The cattle benefit as well. They have no hands to dislodge the pestering bugs (many of which are noxious parasites) off their backs or to shoo away bugs that initially flit about near their feet and might soon land on the bovine’s legs or back.
The bugs really bug the bovines! So, the insectivorous habits of the bug-munching birds are a welcome relief, providing blessing to the cattle—assuming egrets live nearby.
Actually, the cattle egret is an African emigrant. Cattle egrets migrated from Africa to South America more than a century ago.5,6 After migrating northward more than 70 years ago, cattle egrets quickly colonized the southern regions of North America, and then expand their ranges further north.5,6 In some parts of America, they are established as seasonal migrants. In other parts, they reside year-round.3
And they are easy to recognize, especially during breeding season. Although the plumage of these egrets is mostly white, accented by yellow bills and yellow legs, during breeding season these egrets have golden “mustard” markings (resembling buff-colored blotches) on their breasts, backs, and crowns. The breeding season begins about around April and lasts until November.3
So, if you live near a pasture where cows are grazing, look at the grass near the cattle’s hooves. You might see a few cattle egrets satisfying their hunger and being a good neighbor.
This helpful association exhibits mutualistic neighborliness, not cutthroat competition. Thus, this mutually beneficial pasture-land partnership clashes with the Darwin’s overly pessimistic portrayal of nature as dominated by “kill-or-be-killed” selfishness.7
So, do the cattle egrets have a lesson for us?

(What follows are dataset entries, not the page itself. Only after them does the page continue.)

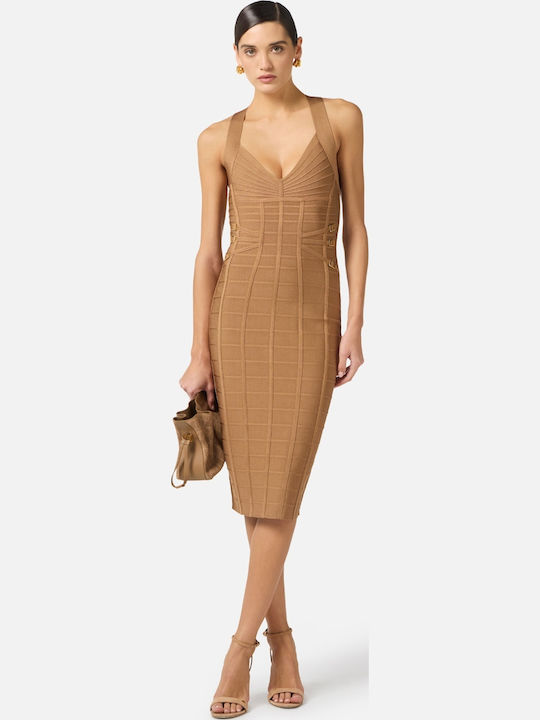 Elisabetta Franchi Πλεκτό Φόρεμα Βραδινό Brown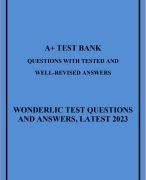 WONDERLIC TEST QUESTIONS AND ANSWERS, LATEST 2023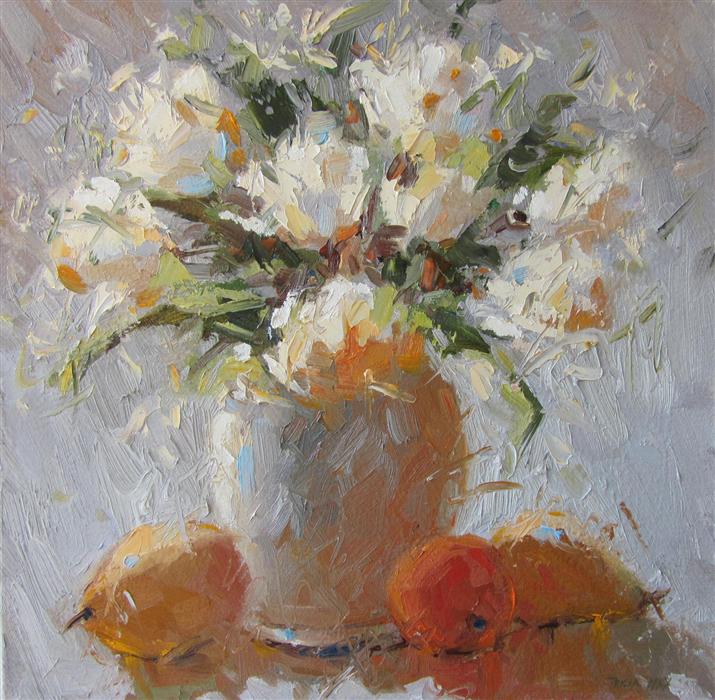 715x700 White Flowers Tricia May - Painting White Flowers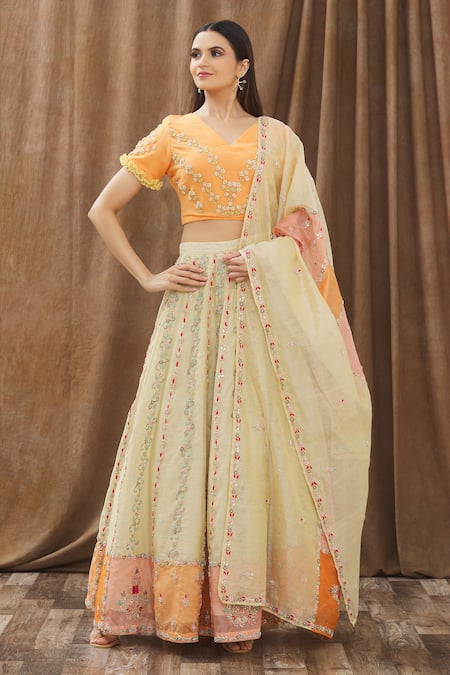 Peach Sequin Embroidered Lehenga Set With Blouse And Dupatta - Hijab Online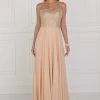 Elizabeth K - GL1571 Gold Embroidered Sweetheart Chiffon A-line Dress 2 Elizabeth K - GL1571 Gold Embroidered Sweetheart Chiffon A-line Dress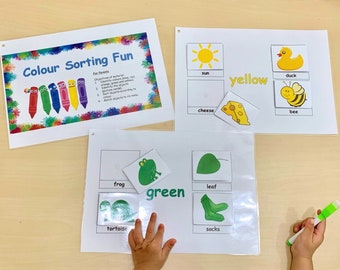 Colors Matching Activity, Sorting Game, Preschool Lessons, Printable Resource, Homeschool Montessori, Toddler Kids Educational Learning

Opportunities abound to be helpful to someone who is (or who is like) a neighbor. In disruptive times—as America eagerly anticipates returning to post-coronavirus normal—it’s good to be reminded that neighborly helpfulness is actually a blessing to both the helpful giver and the recipient.8
1. Johnson, J. J. S. When Travel is Restricted, Be Honest and Trust God. Creation Science Update. Posted on ICR.org April 4, 2020, accessed April 7, 2020.
2. Johnson, J. J. S. 2017. Dung Beetles: Promoters of Prairie Preservation. Acts & Facts. 46(1):21.
3. Peterson, R. T. 1980. Peterson Field Guides: A Completely New Guide to All the Birds of Eastern and Central North America, Volume 1. Boston, MA: Houghton Mifflin, pages 102-103, and Map # 94.
4. Romans 13:9.
5. Staff writer. 2020. All About Birds: Cattle Egret. The Cornell Lab. Posted on allaboutbirds.org, accessed April 7, 2020.
6. Alerstam, T. 1993. Bird Migration. Cambridge, UK: Cambridge University Press, 45.
7. Neighborly “mutual aid” is actually quite common, ecologically speaking, even in this fallen world. Johnson, J. J. S. 2018. Grand Canyon Neighbors: Pines, Truffles, and Squirrels. Acts & Facts. 47(10): 21.
8. Acts 20:35.
*Dr. Johnson is Associate Professor of Apologetics and Chief Academic Officer at the Institute for Creation Research.